JAL Agriport株式会社 代表取締役 鎌形晶夫氏

 JAL Agriportの代表取締役に就任した鎌形晶夫氏は、和郷の拠点がある千葉県香取市出身。祖父の代までは農業を家業としており、「少なからずそのDNAは残っているのではないか」と自己紹介。

 JALに入社してからは空港や営業業務、さらに客室乗務の経験もあるという。特に一番キャリアとして長いのが機内食だそうで、「日本発便・海外発便の機内食をほぼ決めてきた立場」にあり、「世界の食を見てきた」経験が、新会社に活かせるのではと述べた。

 開港40周年を迎える成田空港とともに歴史を刻んできたJALにとって、「成田の地域振興と地域との共存共栄は至上命題」であり、「それに少しでも貢献できればという思い」がJAL Agriport設立の大きな動機だと語り、同社について説明を行なった。

 JAL Agriportの役割は、成田市のエアポート都市構想に掲げる観光振興、政府も支援する農業の6次化に参画することによって農業振興に貢献することであり、休農地を活用して観光農園を展開し、多くの人を呼び込み、地域振興に貢献していくという。

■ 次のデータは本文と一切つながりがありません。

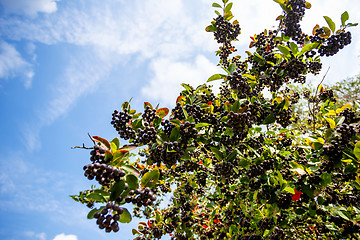 Image showing fresh fruits of black chokeberry (aronia)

休農地は、後継者問題を抱える農家と話し合い、農地を借り受ける形で運営していくとのこと。

 2020年に開業予定の新成田市場と連携し、地元や周辺地域はもちろん、トランジットの外国人観光客など多くの人をこのエリアに呼び込んで新市場を盛り上げ、また日本の農産物の輸出力強化、成田空港の輸出拠点化にも取り組んでいくと展望を語った。

 事業の柱は2つあり、1つ目は「観光農園事業」。自社農園でのイチゴ狩りの施設を約2ヘクタール用意するほか、植え付けや収穫などの農業体験ができる、例えばサツマイモなどの生産も行なっていく。また、地元農産品の直売施設やバーベキューコーナーを併設した飲食施設を展開していく。バーベキュー施設では、JAL Agriportで購入した野菜とともに、新成田市場で購入した新鮮な肉や魚介類を持ち込めるようにして楽しめるようにしたいという。

 2つ目は「プライベートブランド商品の開発と販売」。プライベートブランド商品の原材料は自社農園のみならず、関連の和郷グループなどが提供する安全・安心な野菜などを加工して販売。さらに、JALの機内食やラウンジでの提供、グループ会社のJALUXの販路などでの展開も考えているとのこと。2018年中にはプライベートブランド商品を展開し、2020年のグランドオープンまでの間にJAL Agriportの知名度を上げていきたいと語った。

 和郷グループとJALグループがタッグを組むことで、和郷の農業生産の豊富な経験、加工、飲食事業のノウハウ、JALのブランディングのノウハウやさまざまなチャネルが合わさり、6次産業化を推進していく。この農業を軸にした地方活性化の取り組みを成田というエリアで育て、プラットフォーム化し、全国の空港、そして世界へと展開していきたいと期待を述べた。